- _DIRECTIONS_:
From the entries that follow, copy exactly the lines beginning at the line holding "電波ホースの圧搾変形による伝送損失を計測した実験結果" and continuing through the line holding "香兰素乙醛酸法项目安全预评价".

- _DATA IN THIS EXERCISE_:
⟨

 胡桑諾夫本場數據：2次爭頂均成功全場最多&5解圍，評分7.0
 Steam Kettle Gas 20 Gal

⟩
⟨

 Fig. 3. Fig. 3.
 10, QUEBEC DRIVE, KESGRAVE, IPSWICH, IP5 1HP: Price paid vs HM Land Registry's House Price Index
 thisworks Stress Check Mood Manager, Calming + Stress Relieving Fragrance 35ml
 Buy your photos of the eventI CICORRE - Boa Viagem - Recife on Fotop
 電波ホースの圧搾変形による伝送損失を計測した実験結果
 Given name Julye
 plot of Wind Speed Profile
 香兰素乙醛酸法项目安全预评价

⟩

- _SOLUTION TO THIS TASK_:
 電波ホースの圧搾変形による伝送損失を計測した実験結果
 Given name Julye
 plot of Wind Speed Profile
 香兰素乙醛酸法项目安全预评价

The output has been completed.